The disciple's dilemma: sit at His feet or serve in His name?
| posted 9/30/2004
Some people resolve this tension by just abiding, not seriously troubled by a lack of effectiveness. Garrison Keillor wrote about a patronizing do-gooder who lived by the "If I can just help one fainting soul for a moment my work was not in vain" philosophy—a strategy, he noted, that makes it rather difficult to fail.
It is possible for a church to go 20, 30 years or more without producing fruit. People are not challenged, volunteers not trained, resources not well-stewarded—and no one complains. People just get used to not abounding.

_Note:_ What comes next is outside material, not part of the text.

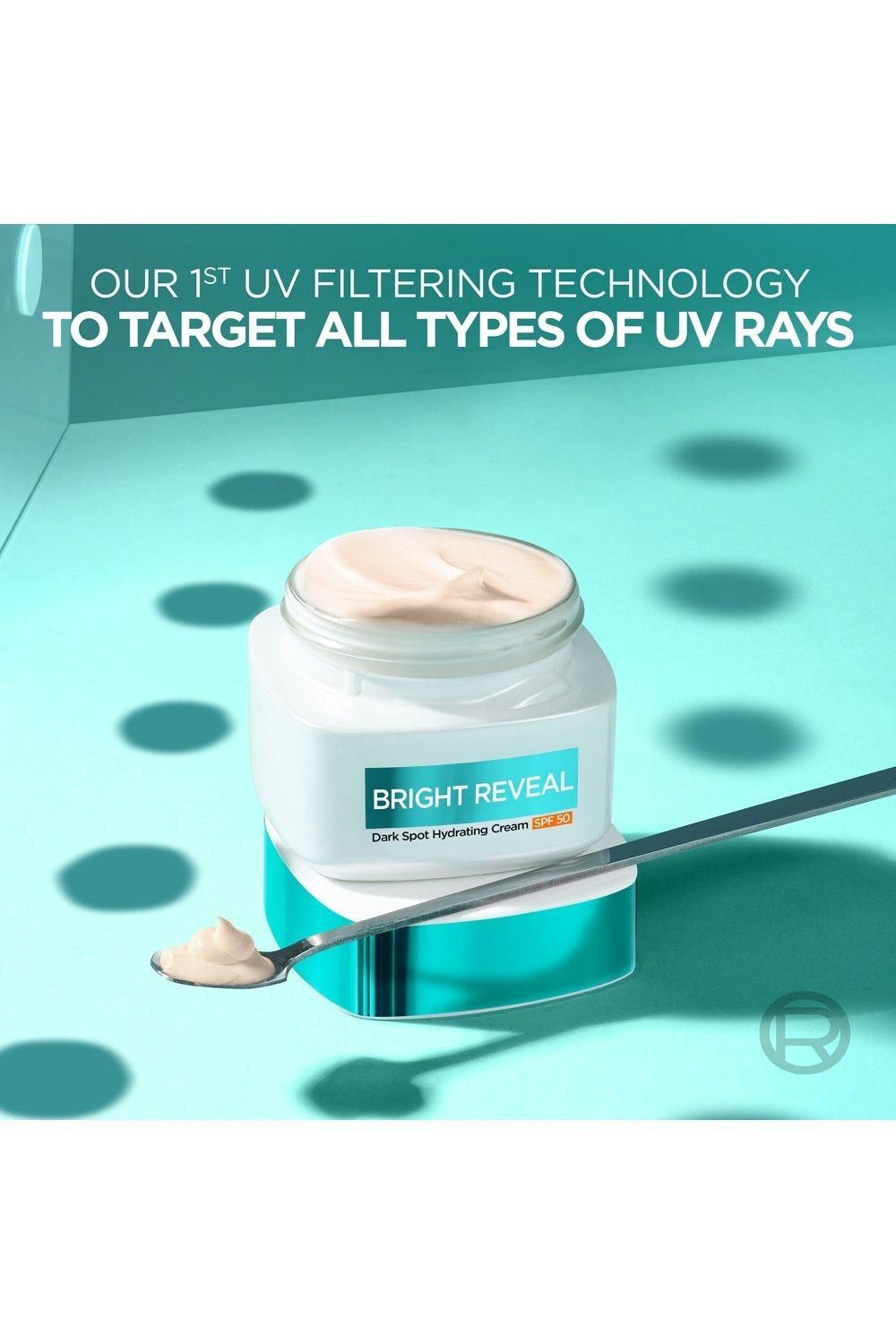 L'Oréal Paris Bright Reveal Dark Spot Hydrating Cream SPF 50, Niacinamide Multi image 4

I don't want to live like that.
On the other hand, some people run around in frenzied activity. They live in a chronic state of exhaustion and burnout. They may pile up impressive accomplishments, but their spiritual life is dry. They use people; they live with preoccupied souls. There is no depth, no mystery.
I don't want to live like that, either. I expect to wrestle with this tension till I die.
What will make this work?
If I'm going to both abide and abound, I need to practice certain principles.
1. Focus on what matters most. Each morning I make a W.A.M.M. (What Activities Matter Most?) list. I need crystal clarity on what's important and what's peripheral.
Peter Drucker writes that recognizing what counts as a true contribution is the great challenge for people in work like ours. If I don't do this, it's embarrassing to me how much time I can waste.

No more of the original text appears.